## Exercise
Return the data below unchanged. Drop any pictures.

## Dataset excerpt
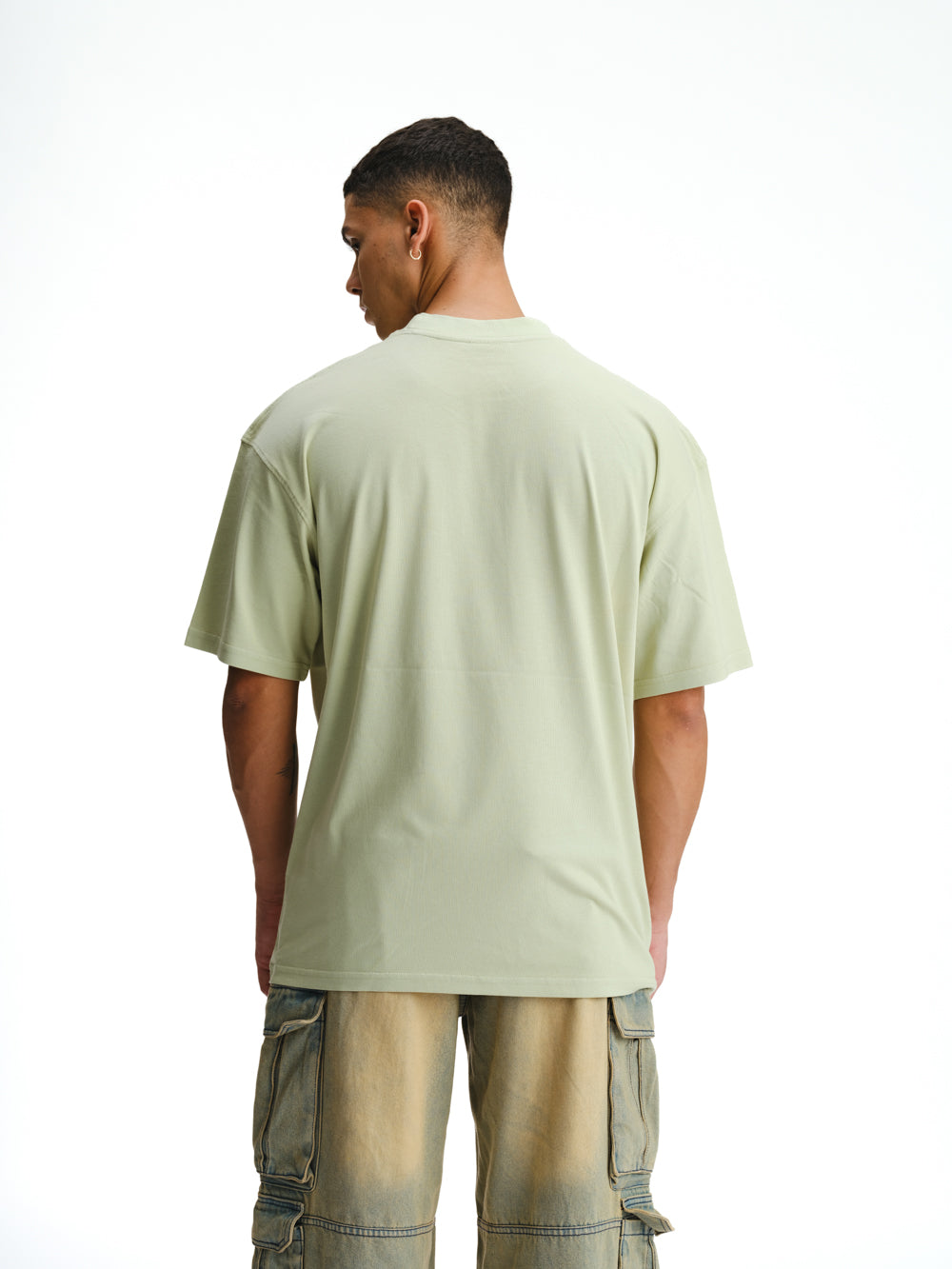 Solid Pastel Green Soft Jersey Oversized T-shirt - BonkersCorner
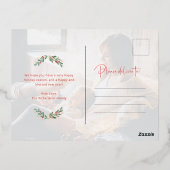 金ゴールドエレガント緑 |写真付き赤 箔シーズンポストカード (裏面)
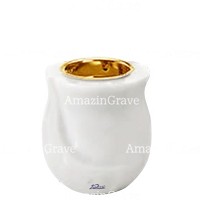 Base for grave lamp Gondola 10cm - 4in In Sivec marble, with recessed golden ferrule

## Problem solution
 Solid Pastel Green Soft Jersey Oversized T-shirt - BonkersCorner
 金ゴールドエレガント緑 |写真付き赤 箔シーズンポストカード (裏面)
 Base for grave lamp Gondola 10cm - 4in In Sivec marble, with recessed golden ferrule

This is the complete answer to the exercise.